# Your goal
Copy the records below line by line and word for word, from the very first line through the line with "from Pico Framed", omitting each picture.
══ Exercise inputs ══
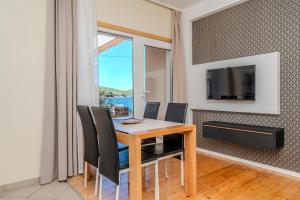 a dining room with a table and chairs and a television at Apartment Iva in Veli Iž
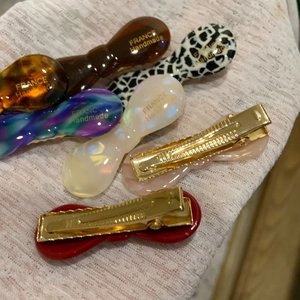 Macro view of colorful acetate bow hair clips with gold metal fasteners and French handmade text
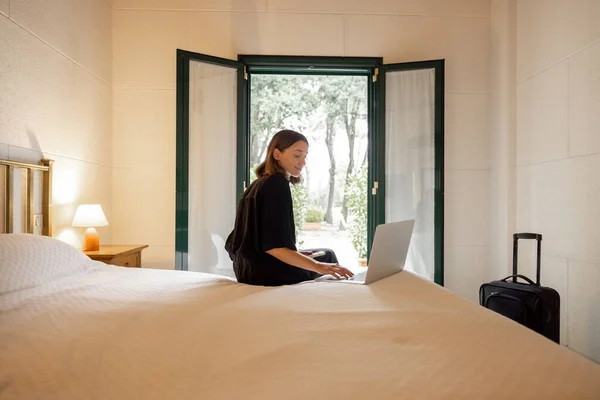 Bir Kadın Otel Odasında Yatıp Akıllı Telefon Dizüstü Bilgisayar Kullanıyor — Stok fotoğraf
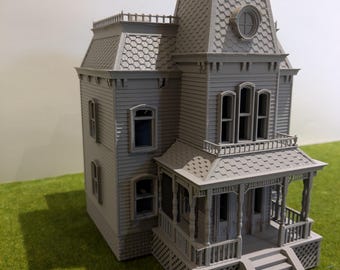 May include: A gray 3D printed model of a two-story house with a porch and a front door. The house has a gabled roof with a dormer window and a small round window in the roof.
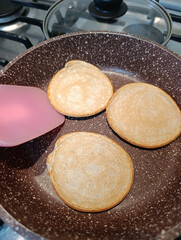 Pancakes are fried in a frying pan without oil.
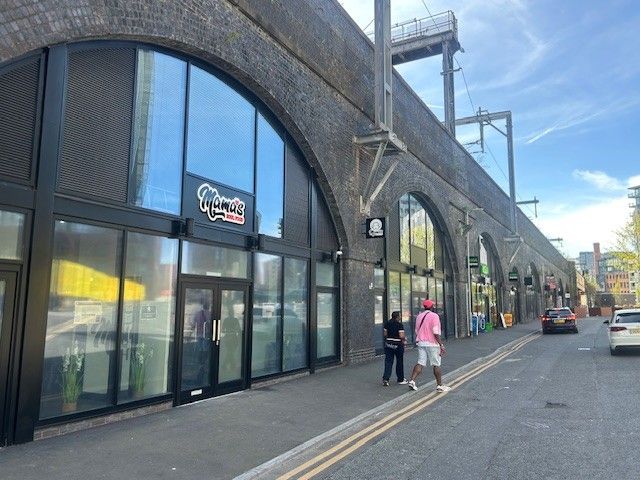 A row of brick railway arches converted into businesses, including "Mama's Delicious Dumplings," with people walking on the sidewalk.
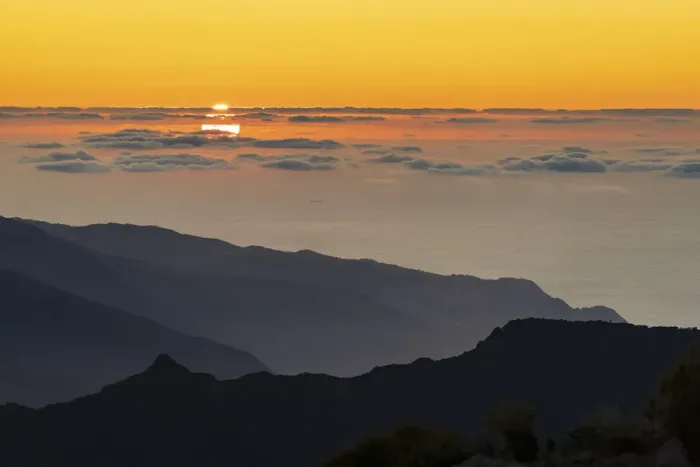 Framed Print : Burning sky at sunset over the Atlantic Ocean and silhouettes of mountains from Pico Framed Print : Burning sky at sunset over the Atlantic Ocean and silhouettes of mountains from Pico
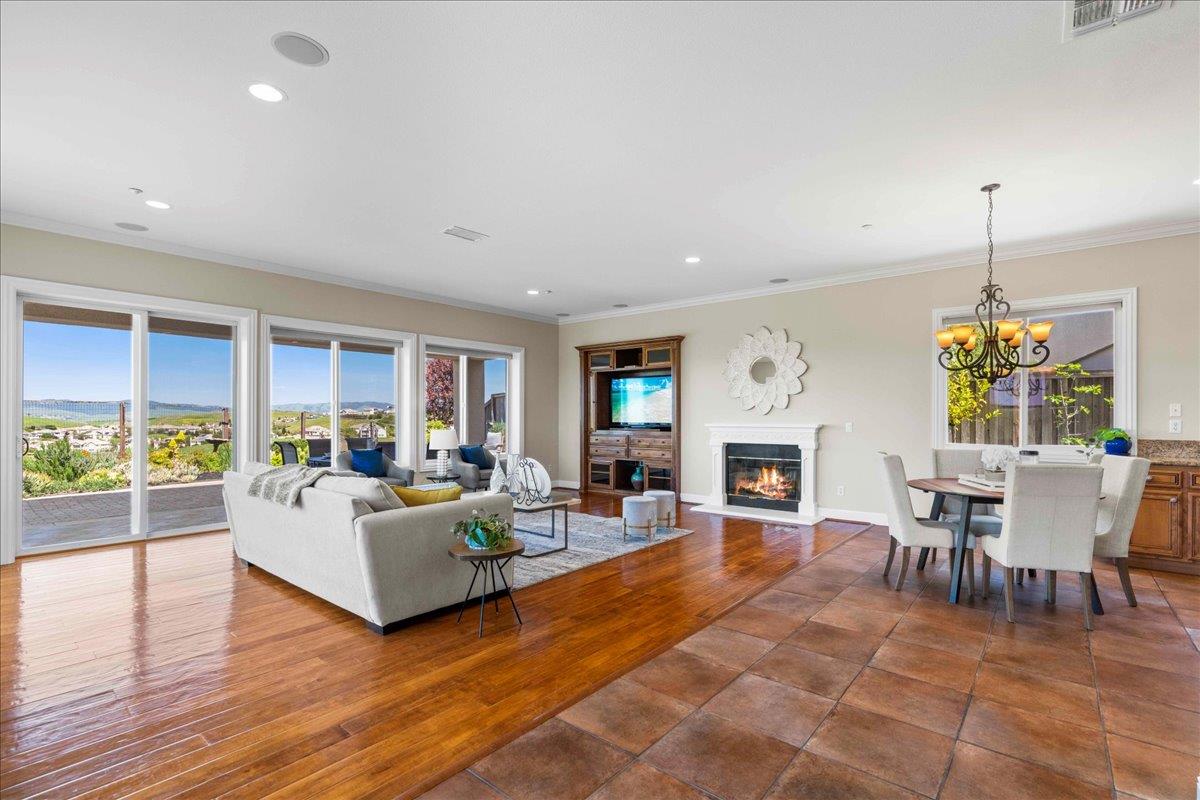 953 Winsford Court San Ramon, CA 94583 - Photo 18 of 73 a living room with fireplace furniture and a wooden floor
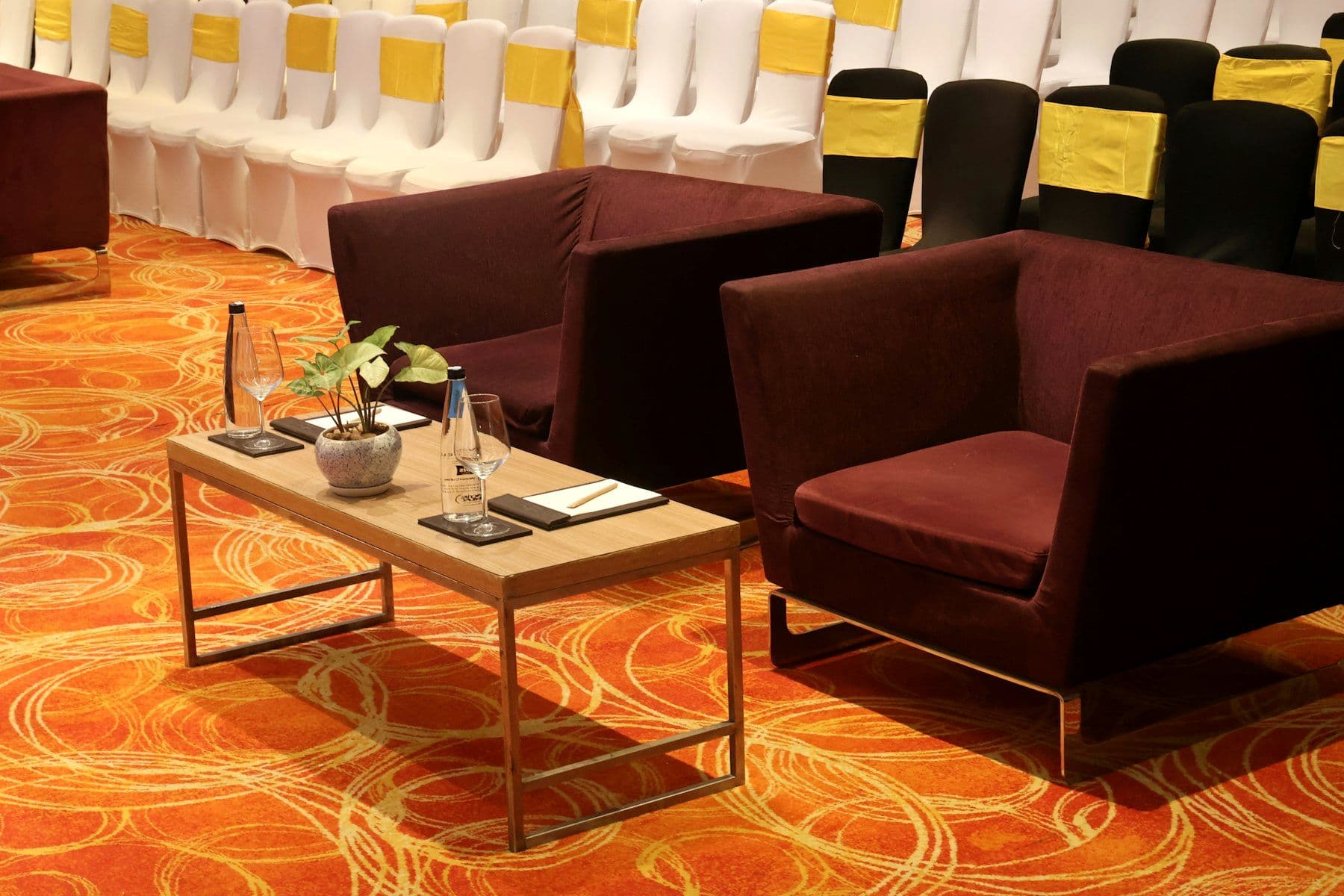 Networking lounge laid out with seating and low tables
═══
# Answer space
 a dining room with a table and chairs and a television at Apartment Iva in Veli Iž
 Macro view of colorful acetate bow hair clips with gold metal fasteners and French handmade text
 Bir Kadın Otel Odasında Yatıp Akıllı Telefon Dizüstü Bilgisayar Kullanıyor — Stok fotoğraf
 May include: A gray 3D printed model of a two-story house with a porch and a front door. The house has a gabled roof with a dormer window and a small round window in the roof.
 Pancakes are fried in a frying pan without oil.
 A row of brick railway arches converted into businesses, including "Mama's Delicious Dumplings," with people walking on the sidewalk.
 Framed Print : Burning sky at sunset over the Atlantic Ocean and silhouettes of mountains from Pico Framed Print : Burning sky at sunset over the Atlantic Ocean and silhouettes of mountains from Pico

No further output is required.